But, beyond this roughly 15 minute section, The Perfection mainly stays within the
US base of its musical institution’s operations. In this elite, privately
funded retreat, young people – all of them girls, it seems – are removed from
their families and assiduously groomed for artistic “perfection”.
As I began to watch this film, I mused to myself that
it is perhaps only in the still romanticised and exotic world of classical
music education that we, as viewers, will put up with sadistic master/pupil
rituals worthy of the ballet training in The Red Shoes (1948) –
the woeful Suspiria remake of 2018
also revisits this steamy S&M cauldron.
But no, as it turns out, The Perfection is very much attune to its post-Harvey Weinstein,
“Me Too” moment – perhaps defensively so, given that it is, in part, a Miramax
production.
This is one of those movies that renders itself almost
impossible to review, in that, after its initial set-up, it’s all crazy twists
and revelations – and so to talk about it in any depth is to automatically
spoil what little fun it gives.

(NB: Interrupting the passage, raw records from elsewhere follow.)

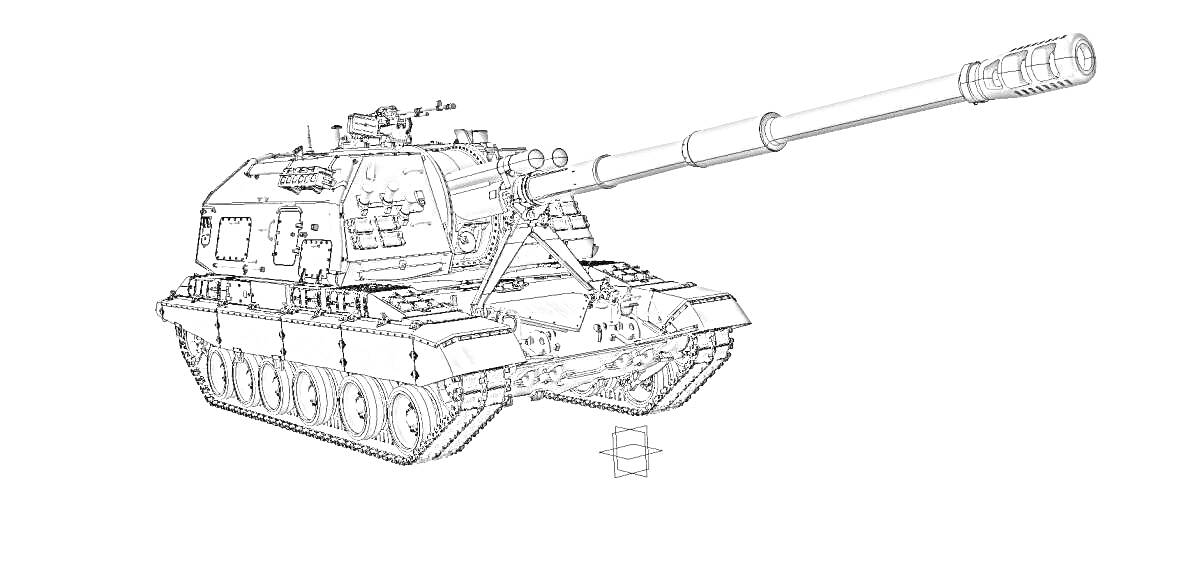 На раскраске изображено: Артиллерия, Военная техника, Гусеничная техника, Бронетехника, Пушка, Оружие, Армия, Боевой транспорт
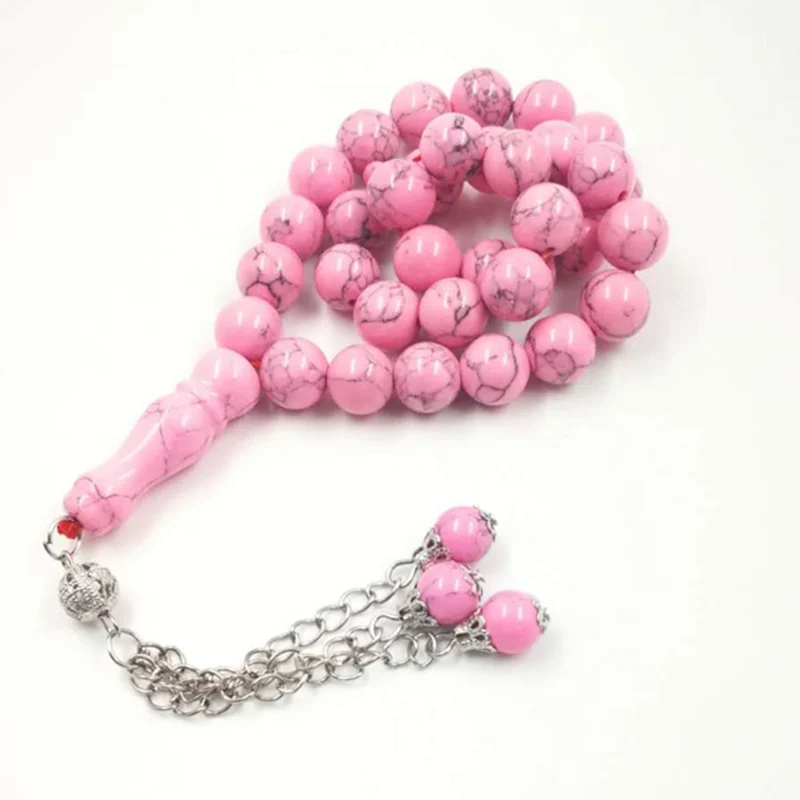 Muslim women Tasbih gift Pink Turquois Madam sabh prayer beads 33 beads stone misbaha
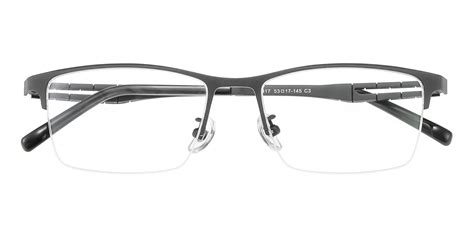Mens Rectangle Eyeglasses Half Frame Titanium Gunmetal St0226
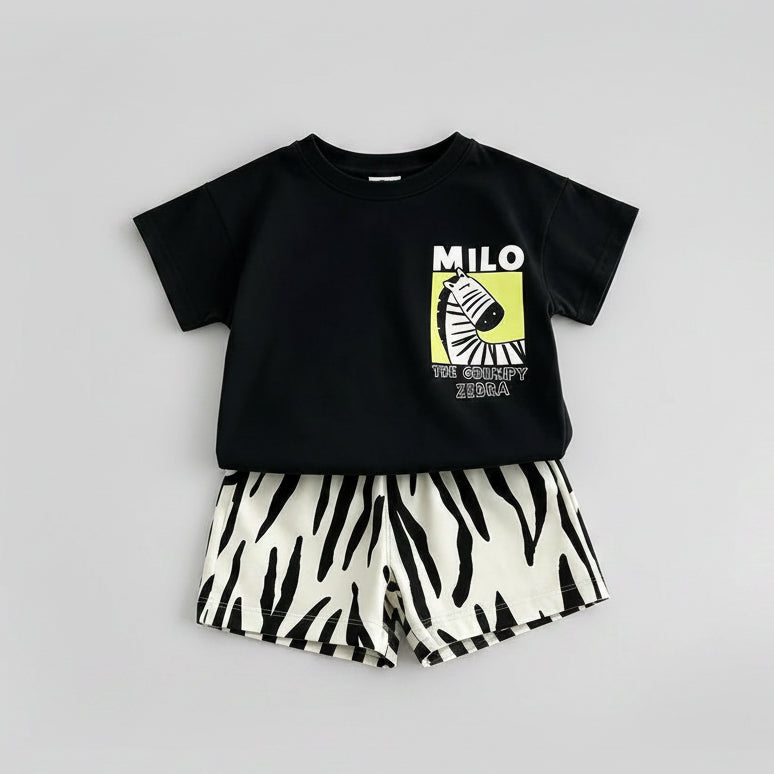 Cotton Animal Print Leopard & Zebra Tee Shorts Set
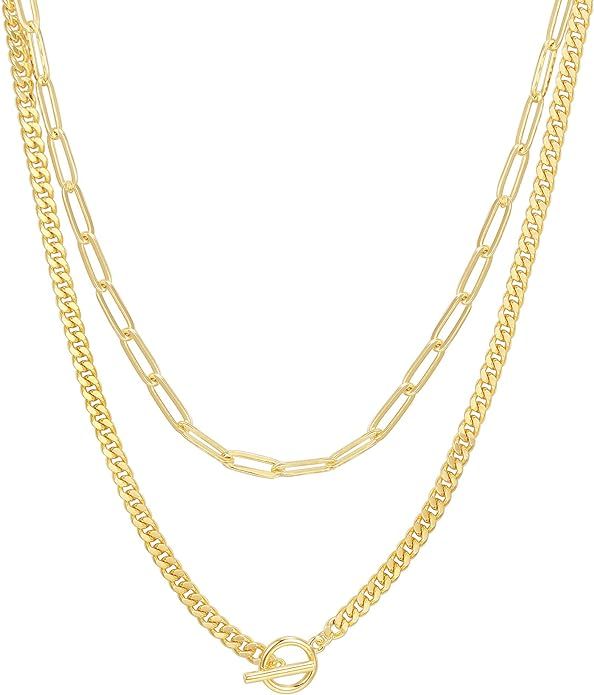 PAVOI 14K Gold Plated Layered Chain Necklace for Women | Layering Necklace | Amazon (US)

Suffice to say, the type of genre-hopping in
which it indulges – from sleek thriller to gory body-horror, mixed with an
almost Michael Haneke-style self-critique of High Art –
is rapidly emerging as the chief hallmark of the Netflix Film, if we can give
it that genre tag. All that, plus a dash of Mandarin, of course.
Director Richard Shepard, apart from stints on Girls, Ugly Betty and a handful of other TV series, has nine features to
his credit since debuting in 1990 – and he’s the type of do-everything,
shape-shifting showman ideally suited for a slice-and-dice confection like The Perfection.